Fitzcarraldo (1982)


Soulever des montagnes.
4-50
J’ai revu Aguirre juste avant histoire de revivre un souvenir brillamment renforcé suite à une très pénible première séance. C’est une très grande expérience pas de doute, mais ça reste quand même un peu pénible (voire vainement répétitif), les seconds rôles sont assez mornes et le style documentaire n’est pas toujours très heureux je trouve. Bon ok, je chipote…
C’est un espace-temps tout à fait particulier que celui de Werner Herzog et Klaus Kinski au Pérou remontant l’Amazone. Tout est engourdi, perdu, primitif, dilué dans l’humidité et la pesanteur de l’immense fleuve sans berge. Le moindre effort devient une épreuve. La lucidité est difficile à maintenir. C’est très porteur ok. Mais là où Don Lope de Aguirre n’accomplit rien de ses rêves et descend dans les affres fatales d’un fleuve sans issue (oui ok c’est génial aussi), Fitzcarraldo accomplit tout de même ce qu’il entreprend, le plus improbable défi, faire escalader une montagne à un bateau ! Et ce qui est vraiment incroyable, (voir même époustouflant allons-y gaiement !), c’est que l’équipe du film a bel et bien remonté le fleuve et hissé le bateau à flanc de montagne avec des cordes et des arbres tout en conditions réelles ! Comme pour Aguirre, avec les esclaves Incas et tout ! C’est affolant !.. C’est des fous !
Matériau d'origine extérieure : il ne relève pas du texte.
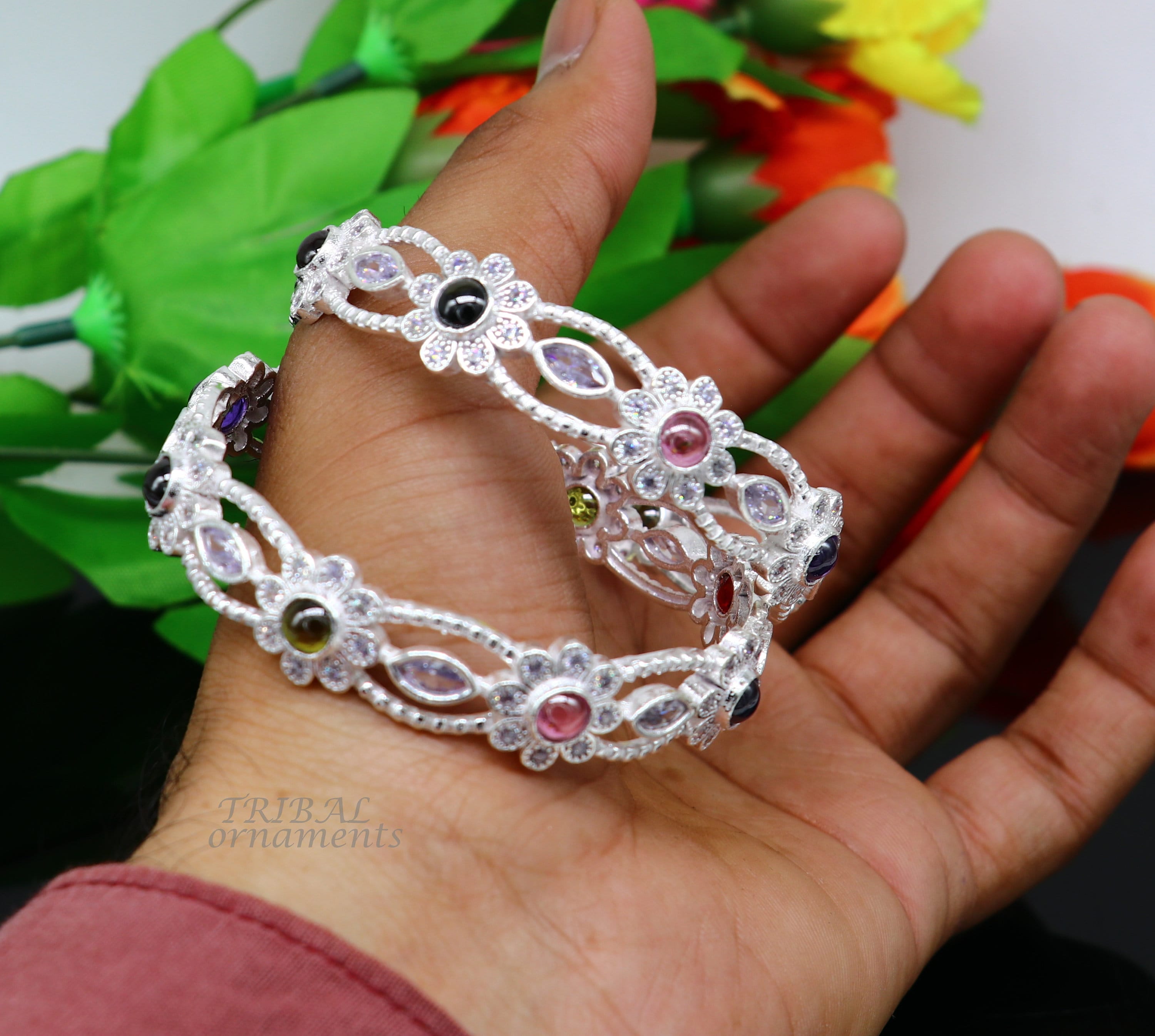 925 Sterling Silver Handmade Customized Bangle Gorgeous Multicolor Stone Stone Stylish Bangle Excellent Bridesmaid Tribal Jewelry Ba163 Etsy Australia
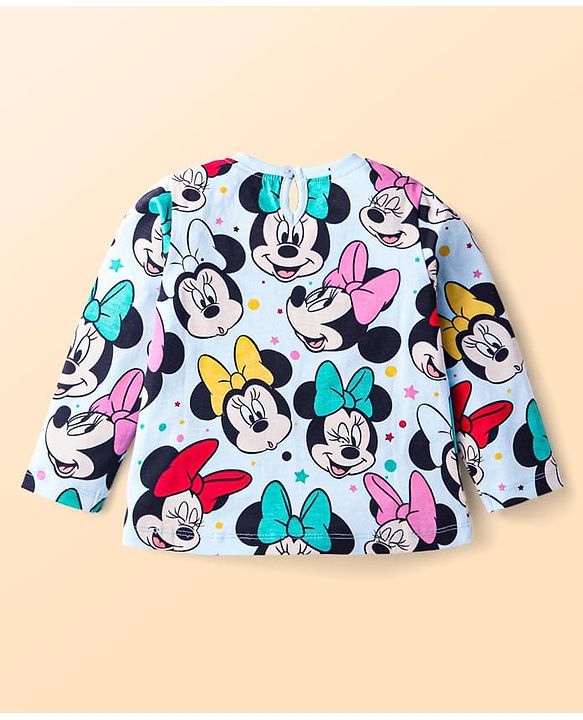 Babyhug Disney Single Jersey Knit Full Sleeves Night Suit With Minnie Mouse Print - Blue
En plus de cette prouesse hors normes, le film n’oublie pas tout le reste, c’est à dire d’être puissant dans tout ce qu’il évoque. Klaus Kinski est aussi repoussant que génial. C’est aussi appréciable d’avoir des compagnons de voyage bien vivants. La crête de la montagne fait basculer le film vers un dénouement presque mystique puis un dernier final presque absurde. C’est exactement tout le personnage de Fitzcarraldo (et par extension les personnalités uniques du réalisateur et de Kinski) qui définit la structure du film et inversement : idéaliste, mystique, absurde, passionné, insignifiant et gigantesque, impuissant mais vivant. Le personnage ne finit pas tout ce qu’il commence mais ceux qui le suivent croient en sa folie douce d’où peut surgir à tout moment une grande expérience, voir même un succès. C’est lent comme un Herzog, ça on y coupe pas, mais le voyage est tellement énorme que ça vaut largement le déplacement.

ps : seul petit problème, le passage où le bateau laisse place à une maquette qui descend un rapide. ça n’arrive qu’une fois, c’est assez court et c’est bien fait, mais on est tellement habitué à voir tout le reste en réel que ça fait bizarre quand même.